Deux voies sont possibles, toujours selon I. Wallerstein : un système pire que le capitalisme (exploitation violente) ou un système plus égalitaire et redistributif. Dans les deux cas, les Etats-Unis ne seront plus au centre du système monde. Devenus un état « comme les autres », ils risquent de sombrer dans des conflits internes.
Que penser de cette vision presque apocalyptique (« qui révèle, qui découvre »), annonciatrice de la fin de notre monde ?
La fin d’un système capitaliste est difficile à imaginer. Nous n’avons de référent non-capitaliste que le passé, fait de connaissance et non fait d’expérience. En outre, les cycles anciens ont disparu, ils ne peuvent servir de modèle. C’est l’invention d’un nouveau modèle qui donne le vertige.
Les tâtonnements auxquels fait référence Wallerstein pour les XVe-XVIe siècles sont contemporains des guerres de religion et de la prise d’importance des communautés urbaines. Mais ils sont également contemporains d’un mouvement de pensée qu’I. Wallerstein ne cite jamais : l’humanisme de la Renaissance. Ce mouvement de pensée plaçant l’homme au centre de l’Univers est inséparable d’une idéologie capitaliste qui le fait maître des ressources naturelles ; un siècle après l’apparition de l’humanisme, la pensée de Descartes renforce l’idée d’un homme a-naturel, sorti de la nature.

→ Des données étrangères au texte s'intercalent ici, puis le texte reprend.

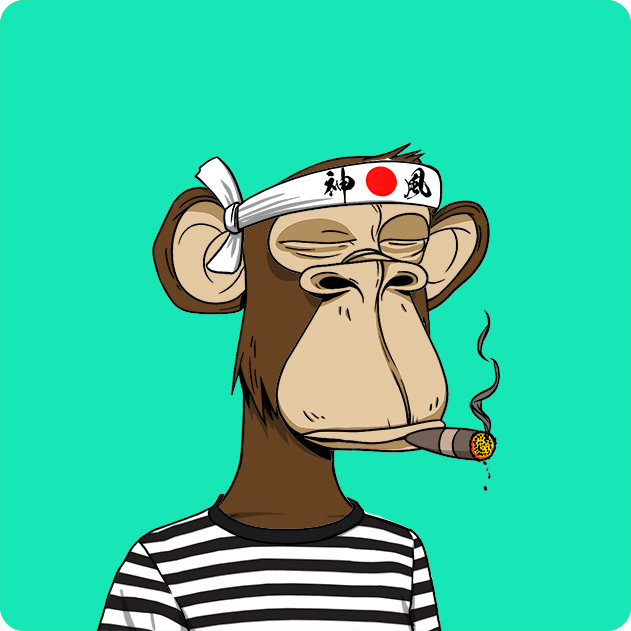 A cartoon illustration of a Bored Ape-style monkey wearing a Japanese headband and a striped shirt, smoking a lit cigar against a teal background.
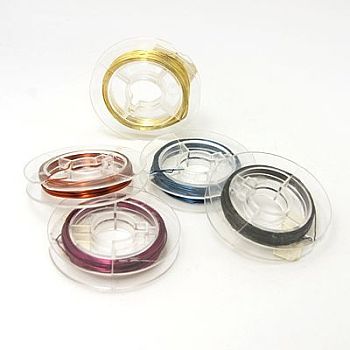 Round Copper Wire for Jewelry Making, Mixed Color, 26 Gauge, 0.4mm, about 16.4 Feet(5m)/roll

Les crises qui ont précédé la crise financière (crise alimentaire, crise des matières premières) sont liées à une pression trop forte et non rationalisée sur les ressources naturelles, conséquence éloignée de la pensée humaniste. La déconnexion entre les hommes et le réel (on mange sans plus songer à la chaîne alimentaire qui précède notre acte de consommation ; on utilise de l’électricité et de l’essence sans penser à la production de ces sources d’énergies et leur finitude) se retrouve dans la crise financière due en grande partie à l’utilisation de produits financiers complexes et éloignés de l’économie réelle.
Le changement de cycle long va amener une ou plusieurs nouvelle(s) idéologie(s) qui vont donner le ton du système à venir. Ces idées seront les conséquences de la crise, comme l’humanisme fut conséquence des âges féodaux, en même temps que rupture. Elles naîtront de quelques individus, d’abord isolés, qui constitueront un réseau. Elles seront en compétition les unes avec les autres, et en rivalité avec le modèle dominant (que l’on songe aux démêlés des humanistes avec l’Église) jusqu’à ce qu’un système idéologique l’emporte. Chacun peut participer à cette nouvelle mise en place. Aujourd’hui comme hier, ce sont les réseaux qui pourront aider à l’affirmation d’un système ou d’un autre. Ces réseaux seront internationaux, comme ils l’ont été. Ils seront fondés sur un nouvel humanisme, qui donne à l’homme une autre place par rapport à « l’univers », et une nouvelle conception de la richesse, qui tienne compte des dégradations imposées aux ressources. Ou bien sur un nouveau féodalisme, qui donnera les ressources à un petit nombre, au détriment des autres, prolongement de l’oligarchie financière qui existe aujourd’hui. Ou bien sur d’autres principes dont nous n’avons même pas idée.
Tout reste à faire. Mais pour que ce tout soit dans l’intérêt du plus grand nombre, il doit être fait avec le plus grand nombre.